I dressed eagerly that morning, deciding that the best attire for visiting a historic sight with less-than-even terrain was my new jacket, favourite skirt and my comfiest pair of heels (I do have some common sense.)
I arrived and queued outside the 14th century gatehouse. Around me, everyone else was dressed practically for the day, in Millets clothing and walking boots. I wasn’t fazed; I’ve been known to walk ten miles a day in these heels – something I’m equally proud and ashamed of.
Surrounded by a moat, Michelham Priory really is the place for anyone looking to escape for the day. The mowed grass was lined by gravel paths, the two far too polite to ever cross; a row of colourful horse carts stood in the corner, a flower basket hanging between each one. A water pump loomed above a barren trough, now filled with a mass of wild daisies. It was a twee place, and I adored it.
I explored the house itself first. Everything was a contrast – smooth wood and rough stone, white ceilings and black beams, soft tapestries and iron pots.
Sometimes, places like these are too extravagant, so much so that you can’t see them as anything more than a museum, the life of the building too unimaginable to touch. But in the simplicity of the priory, I could see the cooks grinding spices and weighing flour; the maids working dirty clothes with the dolly and wringing them out in the mangle.
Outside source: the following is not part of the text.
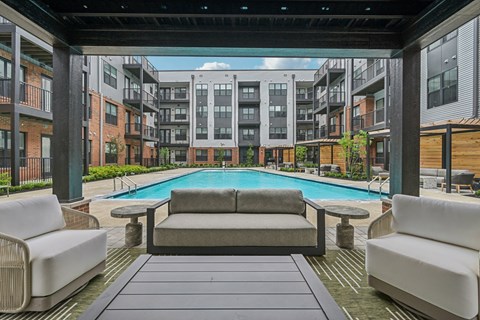 A patio with a pool surrounded by buildings.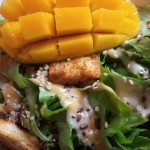 Caesar salad with a garnish of mango and sesame seeds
The lady of the house lounging in front of the fire, and the children hiding from each other in one of the many nooks.
Despite the stories of Augustinian canons and Tudor gentlemen, the building’s wartime years were the ones that interested me most. Stories of the war are often those of loss and sadness – but not on this little island.
I followed the sound of the Andrews Sisters into a little room, where teddies lay snuggled under crocheted blankets, their heads resting on embroidered pillows. On the wall were photos of boys, dressed in shorts and caps and knee-high socks. I read their stories – evacuees from London who were looked after by the eldest daughter of the house. While many evacuees were only taken in for the 10 shillings their fosterers received, the children at Michelham Priory were loved. My favourite story was that of one Christmas morning, where they awoke to find a sleigh full of presents sitting in the middle of the frozen moat.
So charmed by this story, I had to see the moat for myself. As I walked alongside it, falling leaves caused the water to ripple, and behind entangled branches, the priory was just visible. A swarm of bees buzzed around three hives in a nearby field, and I watched with horrified fascination.
At the end of the worn grass path, my prize was a Bronze Age round house, its woven walls reminiscent of my patterned lighter. The nonchalance of the afternoon was a sweet reminder that not every outing has to be timetabled madness. Sometimes, it’s enough to have a beautiful place to go, simple things to see and a chance to stroll around and enjoy feeling content.
As a twenty-something, I’m not far from the years where an interest in almost anything would leave you branded with the title ‘nerd’. But I’m an adult now, who has grown into herself, and I’m proud to like whatever I want, history and all.
I spent the rest of my visit exploring the gardens, where flowers tangled together in the borders, some mischievously sneaking onto the path and brushing against my shoes. Grape vines curled around wooden trellises above my head, speckled sunlight breaking through them and onto the gravelled ground. After a final cup of tea, it was time to leave the moated island.